Most renowned among defendants is Akın İpek, who once ran a business empire in Turkey. The court ruled that probation conditions for the defendants, including seizure of their passports, will resume during the appeal period and they were ordered to stay in London during the process.

Ipek was detained on May 23 after Turkey's request for his extradition over charges related to the July 15, 2016, defeated coup orchestrated by FETÖ.

The suspect left Turkey prior to the seizure of his Koza Holding by court order in October 2015. He lost lawsuits he filed in U.K. courts for the return of his assets seized by Turkey.

Ipek, who studied business in the United Kingdom, inherited a printing business from his father, and in the 2000s, his business empire considerably expanded — with some critics tying it to his links to FETÖ — and branched into the mining sector with a gold mine in western Turkey.
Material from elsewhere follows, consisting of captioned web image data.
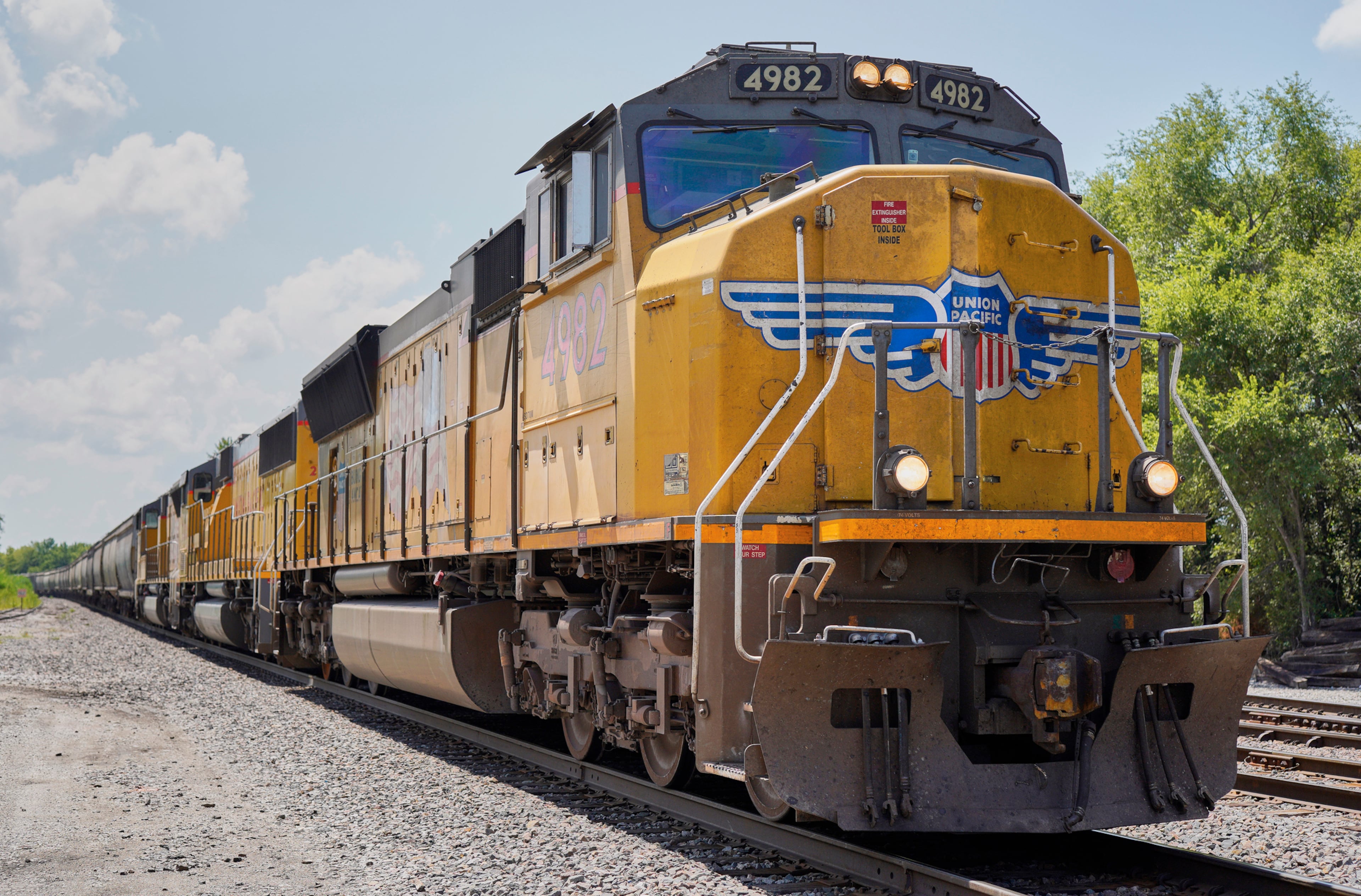 A Union Pacific train travels through Union, Neb., July 31, 2018. (Nati Harnik/AP FILE)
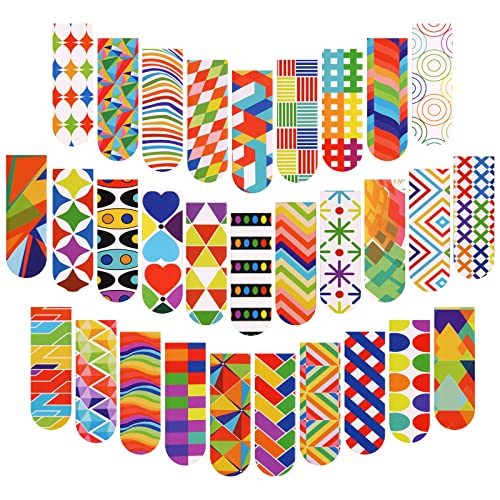 Vicloon Magnet Magnetische Lesezeichen, 30 Stücke Kinder , Seiten Markierungen, für Schüler Lehrer Schule Zuhause Büro(Geometrie)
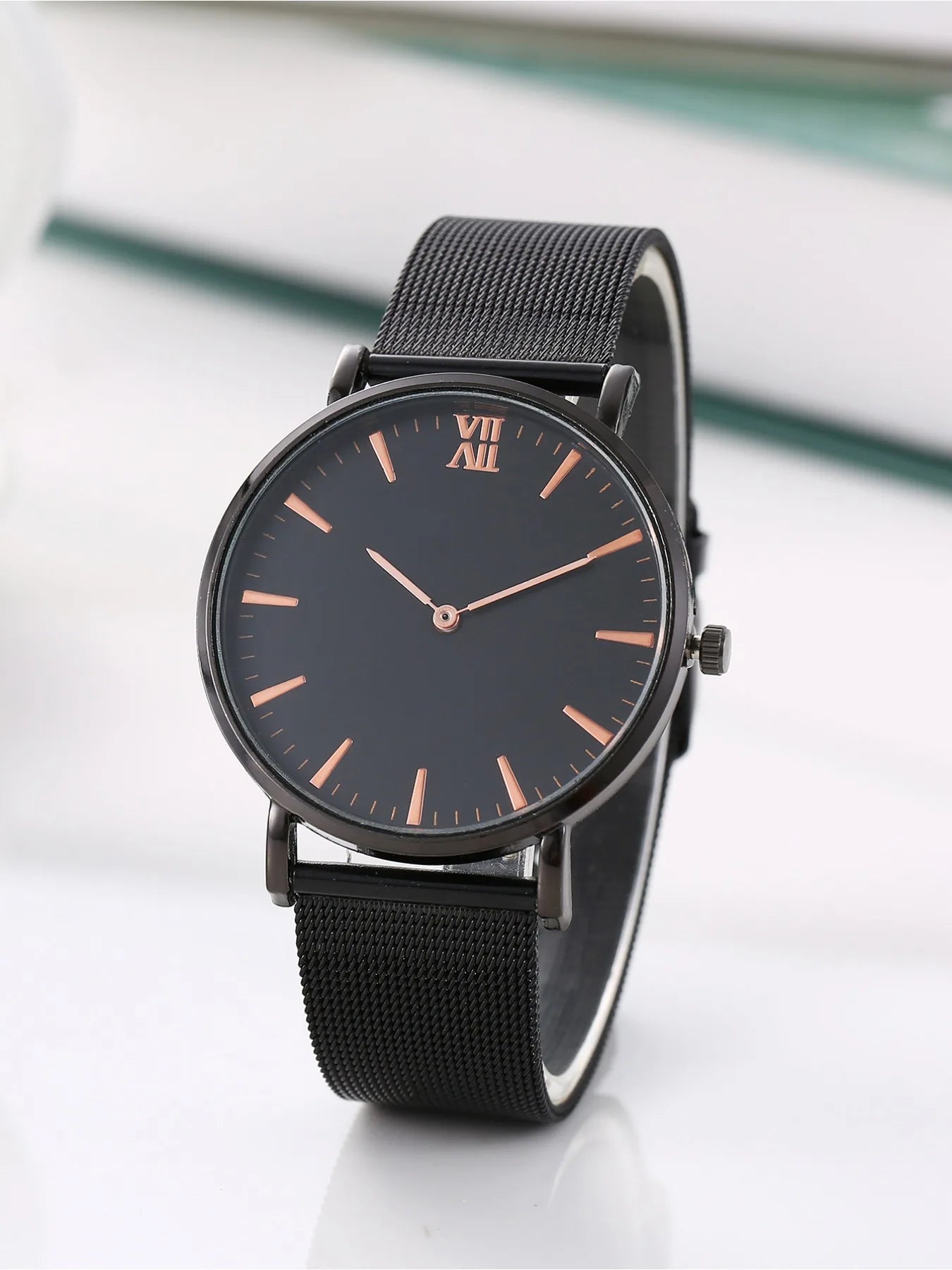1-piece men's exquisite watch set, men's business high-end quartz men's watch Qme black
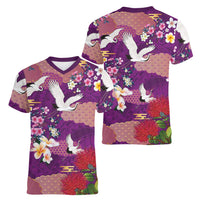 Hawaiian and Japanese Culture Together Women V-Neck T-Shirt Purple Ohia Lehua Plumeria and Sakura Blooming LT03 - Polynesian Pride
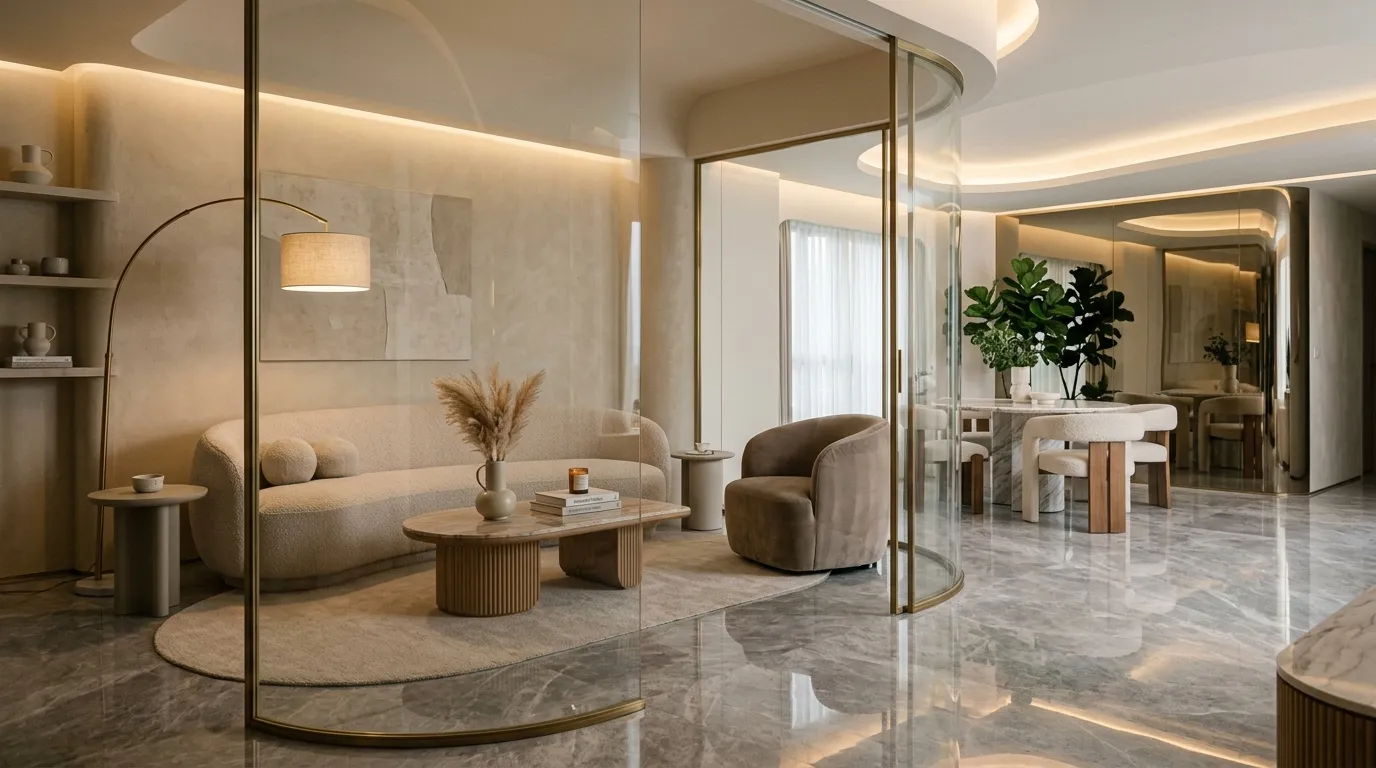 glass partition ideas Curved Glass Partitions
He made a foray into media by buying the Bugün newspaper in 2005. It was followed by more media purchases, including Kanaltürk TV and the establishment of Bugün TV. Some newspapers and TV stations were well-known mouthpieces for FETÖ before Turkey moved to shut them down.

He is currently sought by Turkish authorities for "managing a terror group, financing terrorism, embezzlement and spreading propaganda for a terror group." Ipek's brother, Cafer Ipek, and mother, Melek Ipek, are among 45 defendants currently on trial in Turkey for FETÖ links with his business conglomerate.

In a previous case, the U.K. High Court rejected Ipek's wish to use up to 3 million pounds of his U.K. subsidiary Koza Ltd.'s money to fund his personal legal expenses in Turkey after an "essential artificiality" was found in the transaction papers of the company.

His U.K.-based private company Koza Ltd. reportedly possesses over 60 million pounds ($84.8 million) and is considered one of the main financial backers of FETÖ.

Criticizing the court ruling on his Twitter account, Justice Minister Abdülhamit Gül said it was "unacceptable."

"The Turkish judiciary's extradition request stems from international law and agreements. The U.K. judiciary's decision is a political assessment. We expect Britain to comply with international law and agreements and extradite fugitive FETÖ terrorists and to show its friendship and alliance with Turkey. We will continue our fight for extradition until members of this terrorist group account [for their wrongdoings] before Turkish courts," Gül said.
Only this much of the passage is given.